Love all the bells and whistles. Seems like I can not give it away. Trade-in on internet ranges from $8,900 to $10,700(checking 3 sites). The best I have been offered is $7,200.
Figures with all the creaks and roars.
Purchased w/ 46K two years old-maybe my mistake?
1. Rear glass never opened. Back door locks defective-even with child locks off, passengers get stuck and have to wait for assistance to get out.
2. Tire recall. Blew that one-had one to fall apart PRIOR to the recall. Ended up replacing all at my expense.
3.Upper and lower intake gaskets replaced at 57K.
Later showed up on a recall.
4.Camshaft chain pretensioner. Done on recall at 80K though had problems for quite awhile prior to discovering source. Took in at 76K and was told it checked ok.
5. Transmission. Currently "roaring" though transmission shop is not sure that transmission is causing it, as it makes noise while vehicle is sitting still. Slipping in 2nd. Estimate for transmission repair-$260-$1,200, they don't know for sure until they get the transmission out.

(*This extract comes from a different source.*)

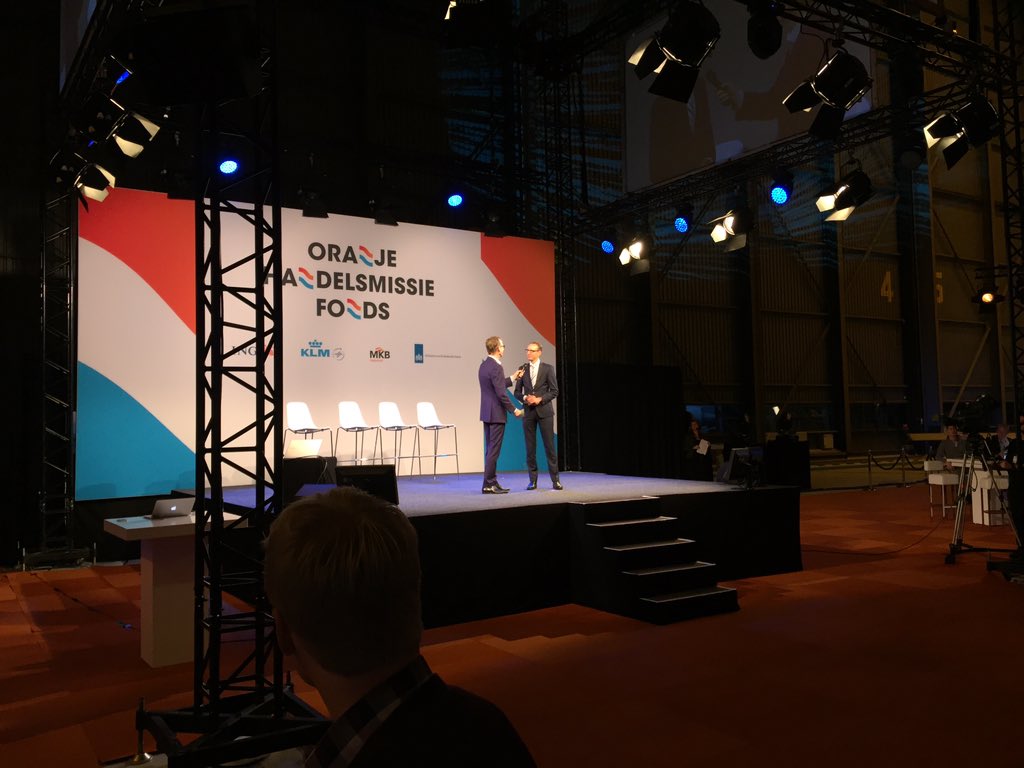 Bootzeil's tweet image. #ohmf15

6.Suspension-every little dent in the road the vehicle dips and rolls, creaks, moans, and complains.
7.A/C- Have just spent $180 to have accumulator replaced. Problem still not fixed.
8.Throttle body plate-recall.
9.Hearing an "air noise". Could be vacuum? Compression? Idling roughly, and don't know about this yet, could be something, could be nothing. First things first. Don't know where to start.

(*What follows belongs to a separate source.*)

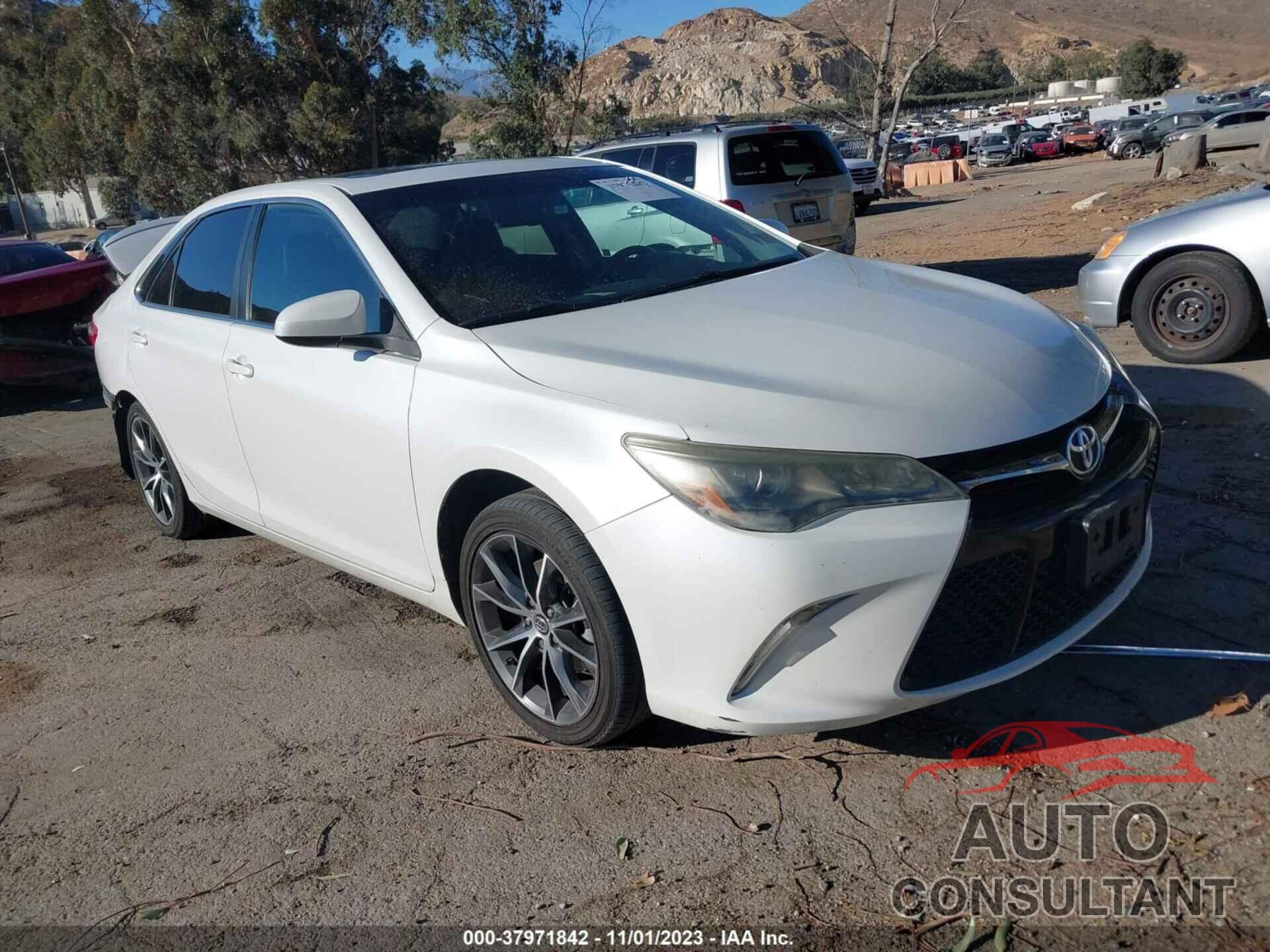 TOYOTA CAMRY 2017 - 4T1BK1FK6HU580629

Other minor irritations: automatic headlights have a mind of their own-regardless of day or night. Rear door handle no longer operates.
Heat/ac controls now making noises when changing selection. Lumber support in driver's seat will not stay inflated.
A note on transmission. I had the vehicle checked out by a Ford Dealership prior to purchase from another source. Checked okay, but transmission fluid was dirty. I immediately had replaced, and again at 84K. That was 38K apart. Don't know if that is often enough? Have only used the 4WD on hard surface roads, perhaps twice a year in incliment weather.
My interest is in the engine because I'm considering buying a Ranger with the 4.0 SOHC.
I can't find a Ranger owner with a long term report because they only began using that engine in 2001.
Your observations will help. Thanks again.
382, 386, 404, 415, 417, 423, 426, 430, 431, 437, 440.
I am sure there are more posts in regards to the SOHC, but at this point I pretty much got the message.
Good Luck,
4dunes
as for the noise at idle... 4.0 SOHC has had a long history of crappy cam locating and tensioning blocks in the head, because the original design of the engine used nylon parts that couldn't stand the gaff. Ford has done a recall on those heads. if the noise you have sounds like a diesel engine or a whacking sound, get thee to a dealer and check it out.
there are also lots of other issues that could be generating cabin noise... I have had a little exhaust leak come and go header-to-Y-pipe. if the exhause system has ever had any parts put in it, that is the first place I would look, something mounted with wrong clearance and banging on something.
there have been a lot of screams about Ford issues on these boards, chiefly the 4.0 SOHC, matching trannies that lost overdrive (some expensive internal parts, some grease gooping up a sensor), and rattles in or near doors.
I've got a 2000 Limited AWD V8 that has had a rotten oil pressure sender replaced due to a bad parts run, one rattle that keeps turning up in body cladding bolts being misthreaded and jammed here and there in the front left side, a turn/flasher switch replaced... thank goodness, a Ford replacement of >= KILLER TIRES! tm <=... and no other issues at all, solid and serious.
Thanks a lot. That's better than finding out the hard way.